An air washer essentially consists of a row of spray nozzles inside a chamber or casing. Atank at the bottom of the chamber provides for collection of water as it falls through the air and comes into intimate contact with the wet surface of the chamber baffles. The water is generally circulated by means of a pump, the warm water being passed over refrigerating coils or blocks of ice to cool it before being passed to the spray chamber. The water lost in evaporation is usually replaced automatically by the use of a float arrangement, which admits water from the main tank as required. In many locations, the water is sufficiently cool to use as it is drawn from the source. In other places, the water is not cool enough and must be cooled by means of ice or with a refrigerating machine.

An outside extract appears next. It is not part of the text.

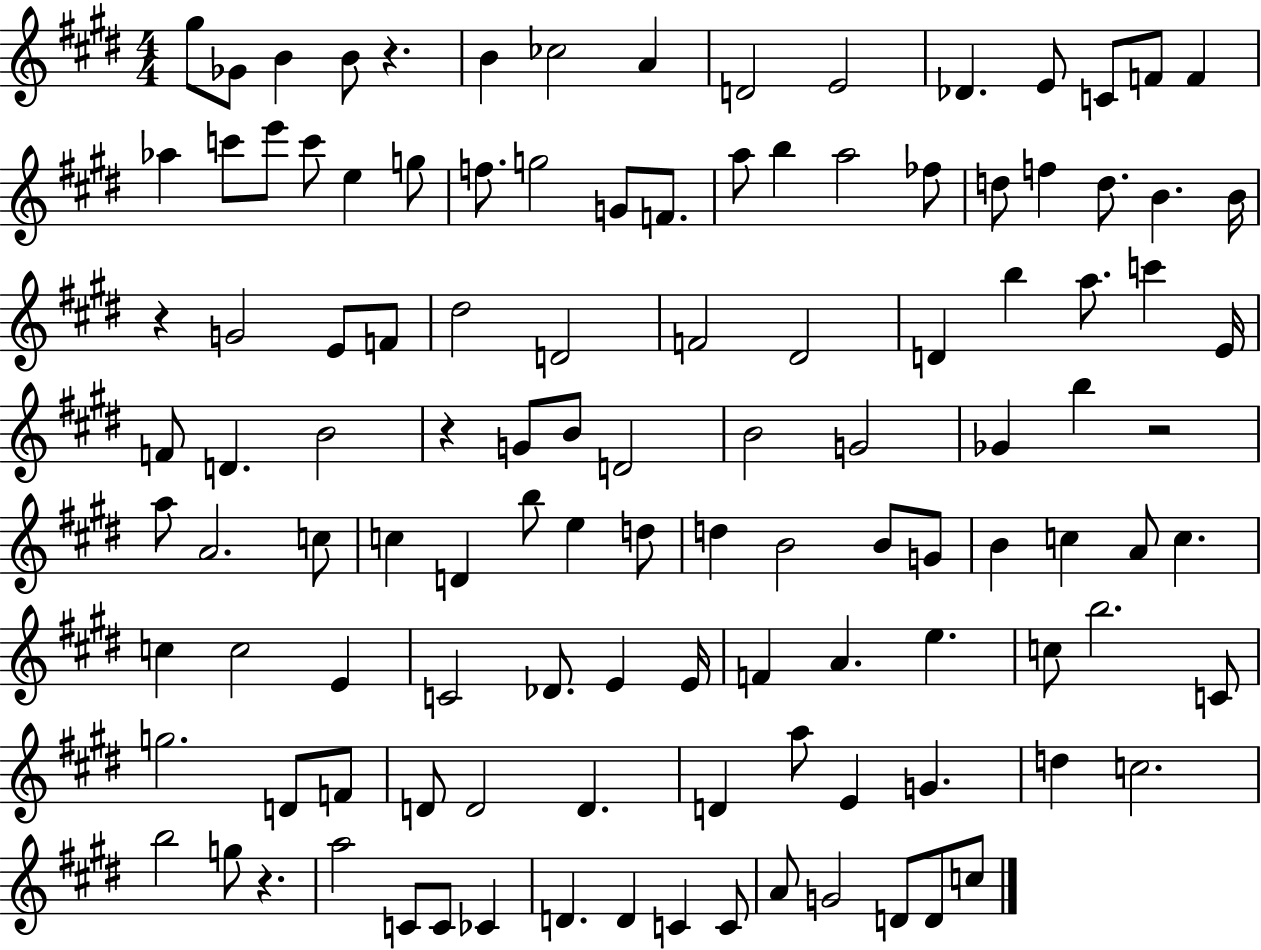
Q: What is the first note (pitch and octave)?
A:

The principal functions of the air washer are to cool the air passed through the spray chamber and to control humidity. In many cases, the cooling coils are located in the bottom of the spray chamber so that as the warm spray descends, it is cooled and ready to be again sprayed by the pump. In some cases, the water is passed through a double-pipe arrangement and is cooled on the counter-current principle.
Figure 3-14 shows a sketch of an air washer. In this case, the spray pipes are mounted vertically. In some instances, the spray pipes are horizontal so that the sprays are directed downward. As some of the finer water particles tend to be carried along with the air current, a series of curved plates or baffles is generally used, which forces the cooled and humidified air to change the direction of flow, throwing out or eliminating the water particles in the process.